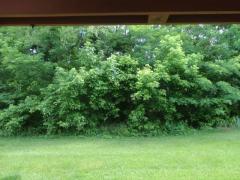 Private view from deck or patio.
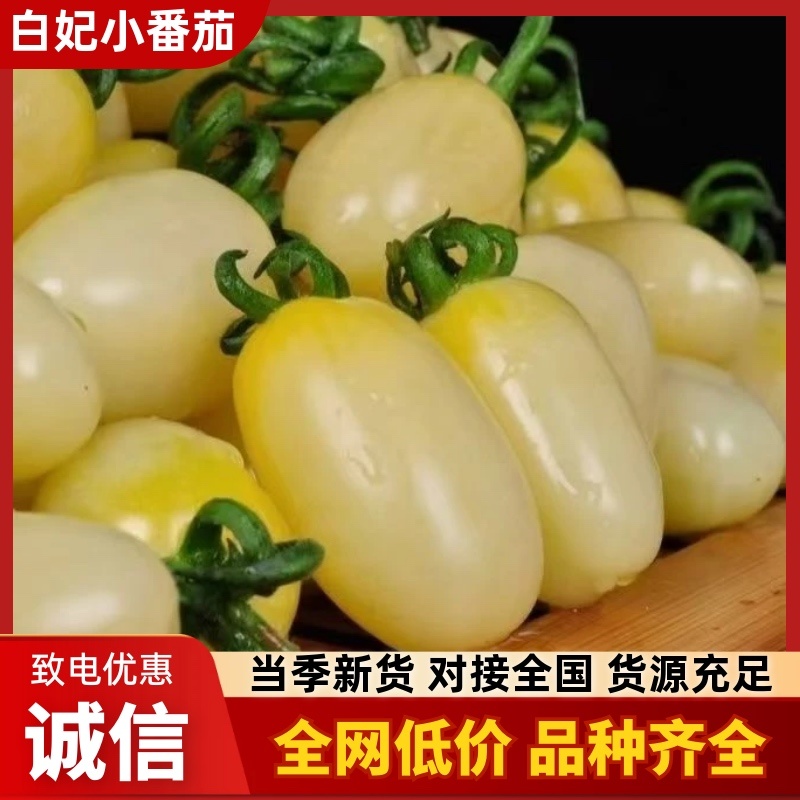 寿光白妃白妃圣女果品质保证产地直发欢迎咨询
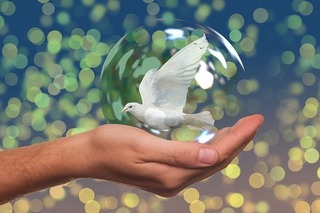 peace-dove-2489589_640.jpg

--*--

The line containing "寿光白妃白妃圣女果品质保证产地直发欢迎咨询" and every line after it, through the end of the data, are to be output exactly. Omit the pictures.

### ANSWER
 寿光白妃白妃圣女果品质保证产地直发欢迎咨询
 peace-dove-2489589_640.jpg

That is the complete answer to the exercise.